Task goal: The lines below starting at the line containing "Property at 315" and ending at the line containing "B-Garden Bcn Hostel Barcelona" are to be repeated exactly, with both ends kept and nothing else added.

Provided material:

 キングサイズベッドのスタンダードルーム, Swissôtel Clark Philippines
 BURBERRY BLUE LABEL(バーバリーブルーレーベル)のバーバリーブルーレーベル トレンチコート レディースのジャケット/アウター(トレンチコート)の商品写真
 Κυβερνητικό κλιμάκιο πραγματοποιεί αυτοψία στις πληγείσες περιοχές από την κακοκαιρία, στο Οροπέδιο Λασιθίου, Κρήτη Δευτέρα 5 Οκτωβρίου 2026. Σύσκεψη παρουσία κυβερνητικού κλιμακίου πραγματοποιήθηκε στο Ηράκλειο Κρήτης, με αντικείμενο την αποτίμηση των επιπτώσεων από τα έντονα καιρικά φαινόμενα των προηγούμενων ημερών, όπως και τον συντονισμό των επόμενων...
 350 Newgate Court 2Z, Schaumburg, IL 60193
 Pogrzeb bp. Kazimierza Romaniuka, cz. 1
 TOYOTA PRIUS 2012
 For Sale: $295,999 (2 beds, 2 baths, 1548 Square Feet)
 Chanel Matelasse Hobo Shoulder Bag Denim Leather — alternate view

==

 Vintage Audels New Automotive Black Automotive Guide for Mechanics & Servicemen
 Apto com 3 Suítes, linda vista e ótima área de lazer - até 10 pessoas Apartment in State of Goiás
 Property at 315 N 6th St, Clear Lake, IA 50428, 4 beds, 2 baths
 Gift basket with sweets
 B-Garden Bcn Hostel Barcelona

Reply to the exercise:
 Property at 315 N 6th St, Clear Lake, IA 50428, 4 beds, 2 baths
 Gift basket with sweets
 B-Garden Bcn Hostel Barcelona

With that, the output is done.